Chief Superintendent German Doria, the regional police chief, said police had no suspects immediately but that the regional militant network Jemaah Islamiyah and its ally, the local Abu Sayyaf group, "usually are the ones doing all these explosions in the region."
But he said police also were looking into the possibility that the blast stemmed from the failure of the lottery outlet operator to pay winners of a lottery draw.
"This Lotto outlet closed three days ago because many bettors won ... then all of a sudden an explosion occurred in front of the Lotto outlet," Doria said.
Philippine National Police chief Oscar Calderon, who is in Cebu to oversee security for the summit, said earlier Wednesday that militants may try to embarrass the government, a staunch U.S. ally in counterterrorism, by staging attacks during the summit.
Chief Superintendent Romeo Ricardo, director of the national police Intelligence Group, said police and army troops have launched operations against militants throughout the archipelago to prevent them from carrying out attacks.
Those operations led to the killing of five members of the local Abu Sayyaf Islamic extremist group and an Indonesian militant in southern Tawi Tawi province last week, and the arrest of a bomb suspect two days earlier just southeast of Manila, he said.
On Wednesday, military Chief of Staff Gen. Hermogenes Esperon said troops killed another senior Abu Sayyaf member, Binang Sali.
Terrorism is a concern at the summit of the 10-member Association of Southeast Asian Nations and their partners from Australia, China, Japan, South Korea, New Zealand and India. Most foreign and economic ministers arrived Wednesday ahead of their leaders.

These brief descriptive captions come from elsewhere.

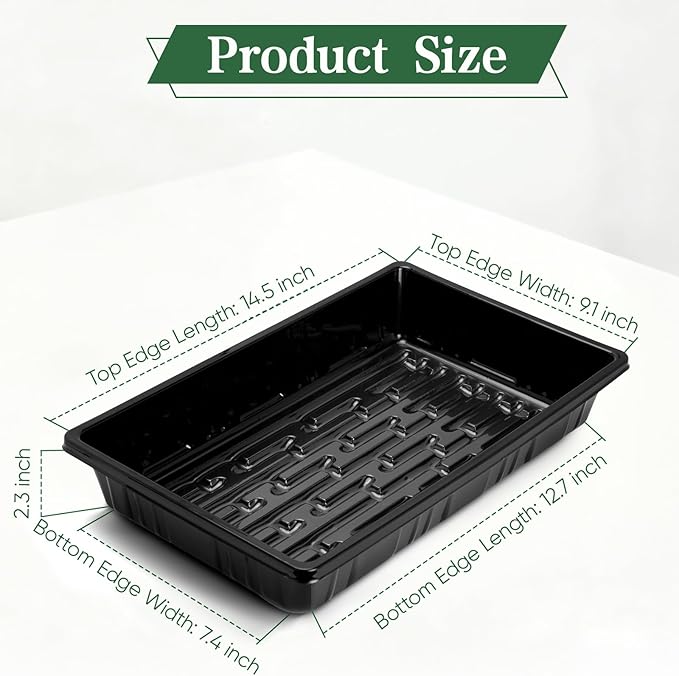 Sckee Upgraded 20 Pack Plant Growing Trays Seed Starting Tray Microgreens Growing Trays Seedling Plant Germination Starter Tray Transplant Fodder Flats, No Holes, No Leakage, Reusable (1015)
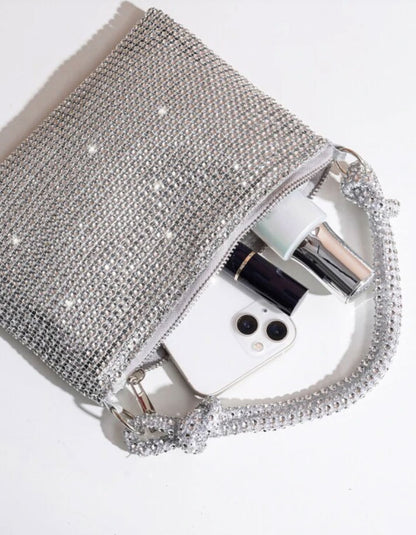 Glitter Bling Silver Rhinestone Evening Bag - Spunkz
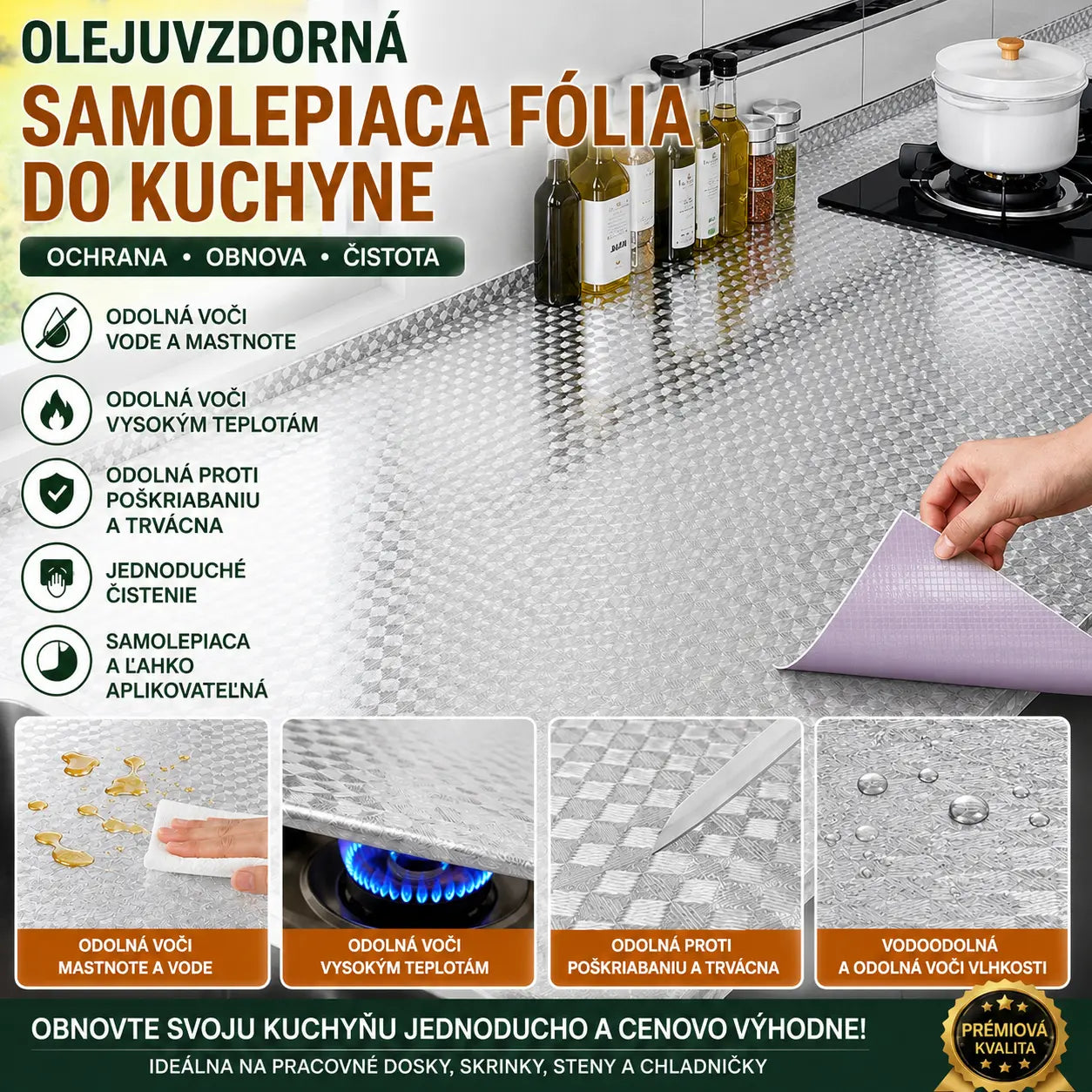 Samolepky do kuchyne: samolepky na stenu odolné voči oleju, vode, ohňu a vysokým teplotám.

Australia said Monday it had received information suggesting terrorists were "in the final stages of planning attacks" on a range of targets in the Philippines, particularly in the southern Philippines, where Muslim insurgents and Al Qaeda-linked militants are active.
But Philippine officials insisted security for the summit was tight, with police and troops on the highest alert.
The Philippines last month postponed the summit, originally set for Dec. 11-13, at the last minute, citing an approaching typhoon. But some delegates suspected concerns over a terror attack were the real reason.